When initially completing parts 1.4 to 1.4.1 of the exercise, I ran into difficulties ensuring that my trained model has the accuracy that matches the expected 94.9%. Even after debugging and ensuring that my cost and gradient functions were bug free, and that my predictor code was working correctly, I was still getting only 90.3% accuracy. I was using the conjugate gradient (CG) algorithm in scipy.optimize.minimize.

Out of curiosity, I decided to try another algorithm, and used Broyden–Fletcher–Goldfarb–Shannon (BFGS). To my surprise, the accuracy improved drastically to 96.5% and thus exceeded the expectation. The comparison of these two different results between CG and BFGS can be viewed in my notebook under the header Difference in accuracy due to different optimization algorithms.

Is the reason for this difference in accuracy due to the different choice of optimization algorithm? If yes, then could someone explain why?

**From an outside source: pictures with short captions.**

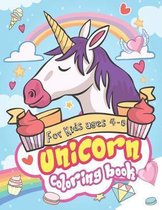 Unicorn Coloring Book for Kids Ages 4-8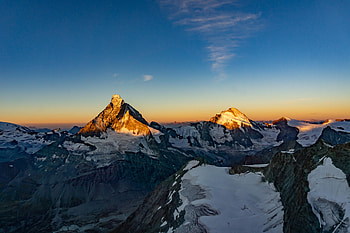 Nature, Mountains, Horizon, Vertex, Top, Relief, Snow Covered, Snowbound HD wallpaper
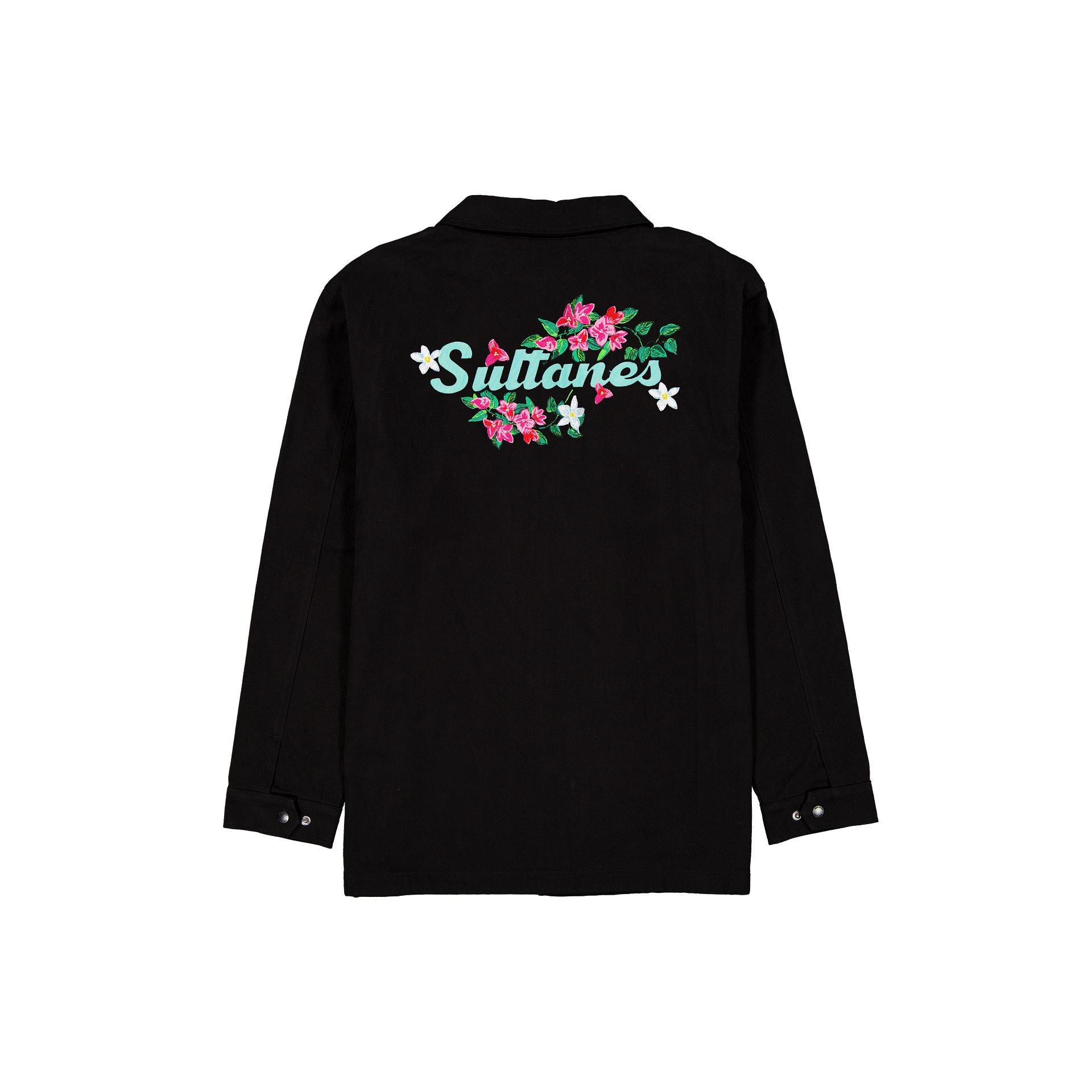 Sultanes de Monterrey Black Floral Jacket - Image 2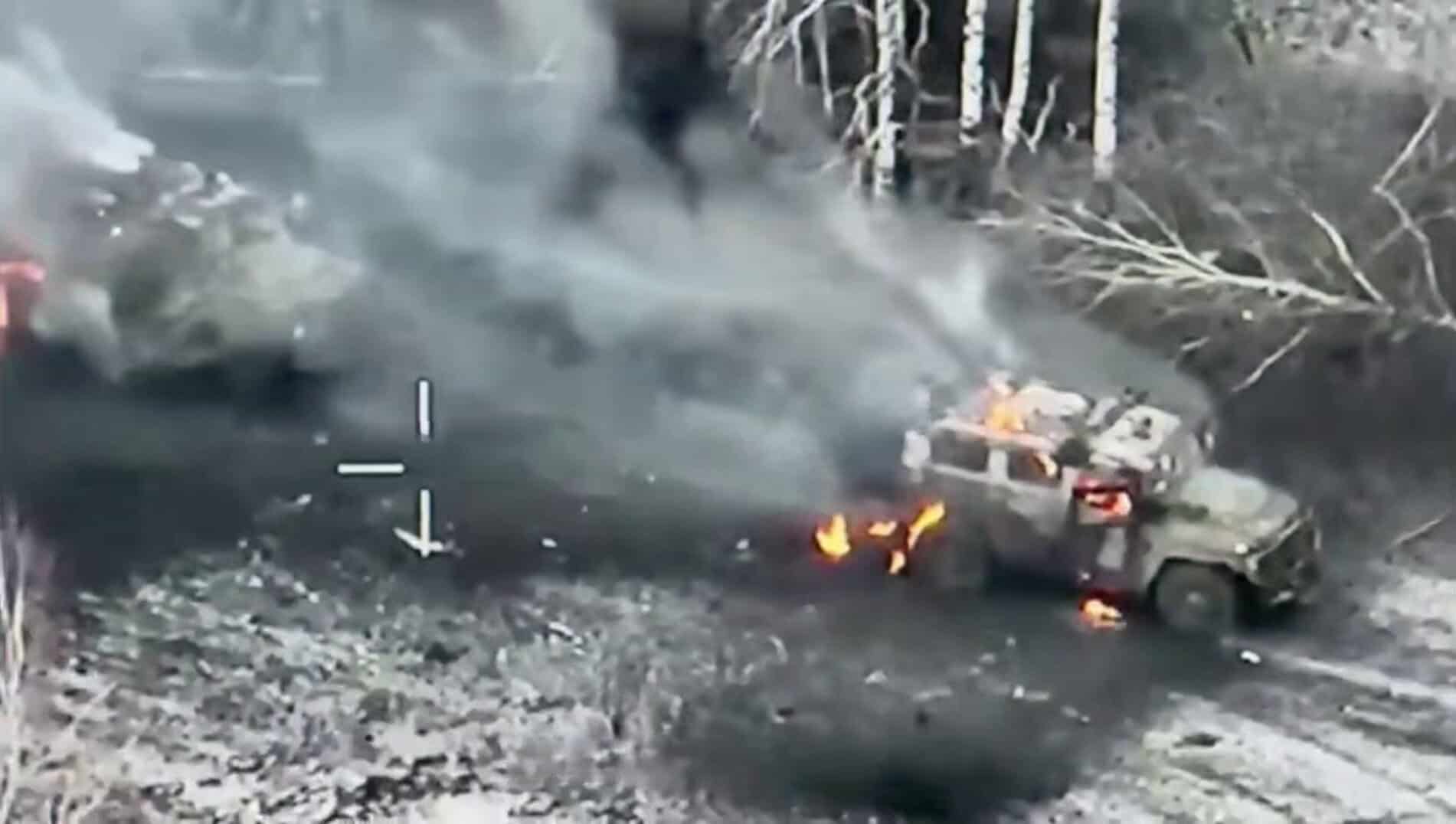 225th Battalion torches Russian Tigers in the Kursk region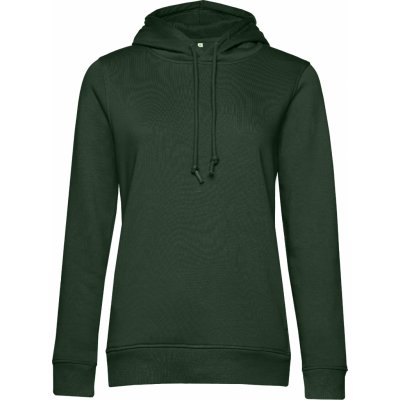 B & C Collection dámská mikina s kapucí Inspire Hooded women lahvově zelená – Zboží Mobilmania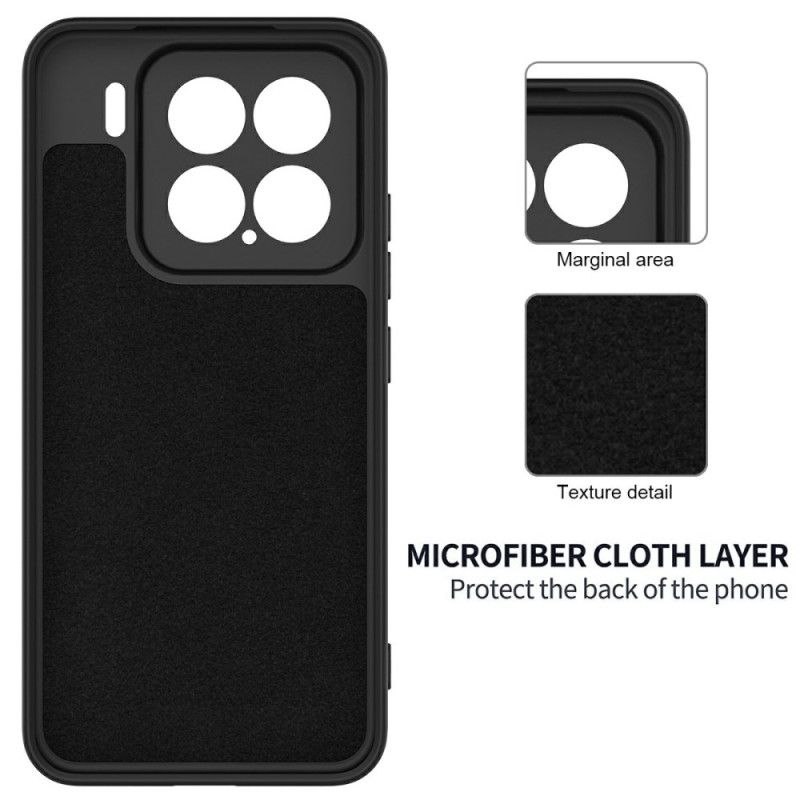 Hülle Für Xiaomi 15 Trageband Aus Flüssigsilikon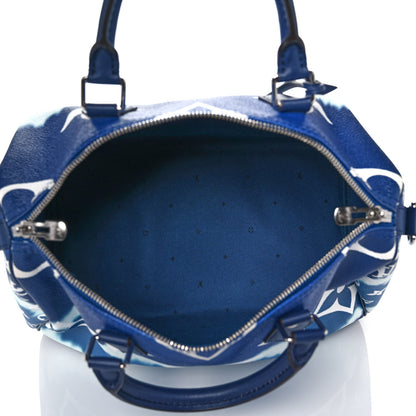 Louis Vuitton Monogram Escale Speedy Bandouliere 30 Blue 5 of 11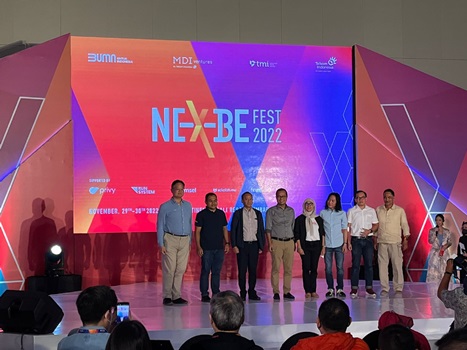  Telkomsel Mitra Inovasi Tunjukkan Eksistensi di Perhelatan NEX-BE Fest 2022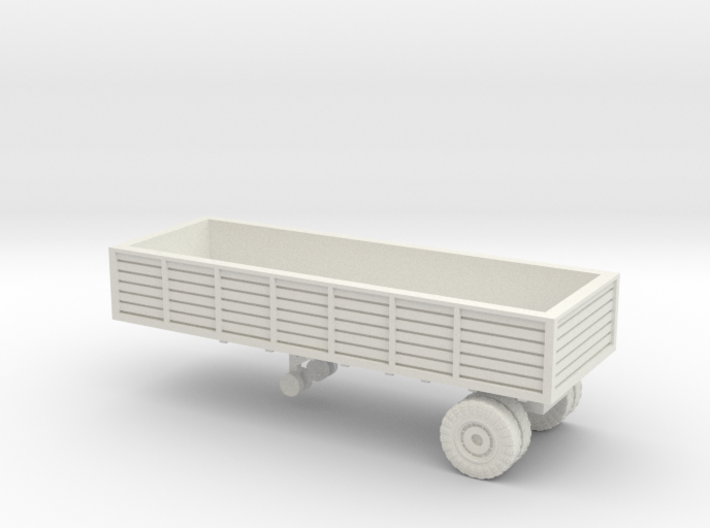 1/144 US trailer for Autocar tractor 3d printed 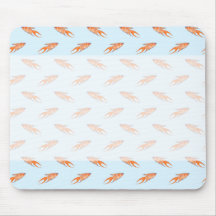 Motif de poissons de paradis sur le bleu tapis de souris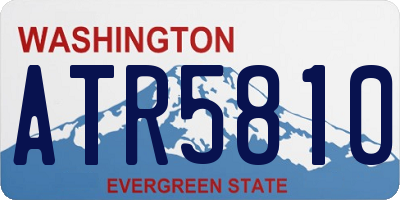 WA license plate ATR5810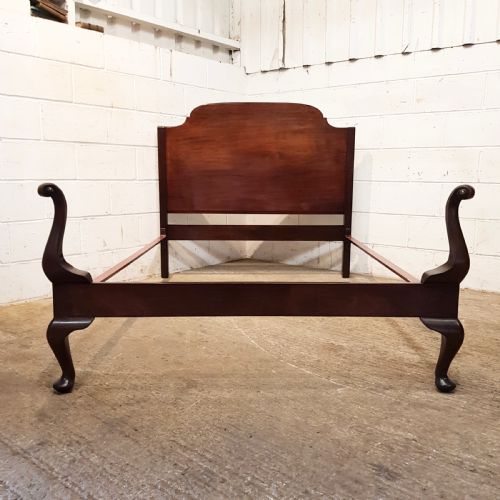 Antique Mahogany Double Bed C1920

Also, I would greatly appreciate any review of my code just to make sure that there isn't a bug in any of my functions that is causing this.

Thank you.

EDIT: Here below I added the code involved in the question, on the request in the comments that I do so in this page rather than refer readers to the links to my Jupyter notebooks.

Model cost functions:

def sigmoid(z):
    return 1 / (1 + np.exp(-z))

def compute_cost_regularized(theta, X, y, lda):
    reg =lda/(2*len(y)) * np.sum(theta[1:]**2) 
    return 1/len(y) * np.sum(-y @ np.log(sigmoid(X@theta)) 
                             - (1-y) @ np.log(1-sigmoid(X@theta))) + reg

def compute_gradient_regularized(theta, X, y, lda):
    gradient = np.zeros(len(theta))
    XT = X.T
    beta = sigmoid(X@theta) - y
    regterm = lda/len(y) * theta
    # theta_0 does not get regularized, so a 0 is substituted in its place
    regterm[0] = 0 
    gradient = (1/len(y) * XT@beta).T + regterm
    return gradient

Function that implements one-vs-all classification training:

from scipy.optimize import minimize

def train_one_vs_all(X, y, opt_method):
    theta_all = np.zeros((y.max()-y.min()+1, X.shape[1]))
    for k in range(y.min(),y.max()+1):
        grdtruth = np.where(y==k, 1,0)
        results = minimize(compute_cost_regularized, theta_all[k-1,:], 
                           args = (X,grdtruth,0.1),
                           method = opt_method, 
                           jac = compute_gradient_regularized)
        # optimized parameters are accessible through the x attribute
        theta_optimized = results.x
        # Assign thetheta_optimized vector to the appropriate row in the 
        # theta_all matrix
        theta_all[k-1,:] = theta_optimized
    return theta_all

Called the function to train the model with different optimization methods:

theta_all_optimized_cg = train_one_vs_all(X_bias, y, 'CG')  # Optimization performed using Conjugate Gradient
theta_all_optimized_bfgs = train_one_vs_all(X_bias, y, 'BFGS') # optimization performed using Broyden–Fletcher–Goldfarb–Shanno

We see that prediction results differ based on the algorithm used:

def predict_one_vs_all(X, theta):
    return np.mean(np.argmax(sigmoid(X@theta.T), axis=1)+1 == y)*100

In[16]: predict_one_vs_all(X_bias, theta_all_optimized_cg)
Out[16]: 90.319999999999993

In[17]: predict_one_vs_all(X_bias, theta_all_optimized_bfgs)
Out[17]: 96.480000000000004

For anyone wanting to get any data to try the code, they can find it in my Github as linked in this post.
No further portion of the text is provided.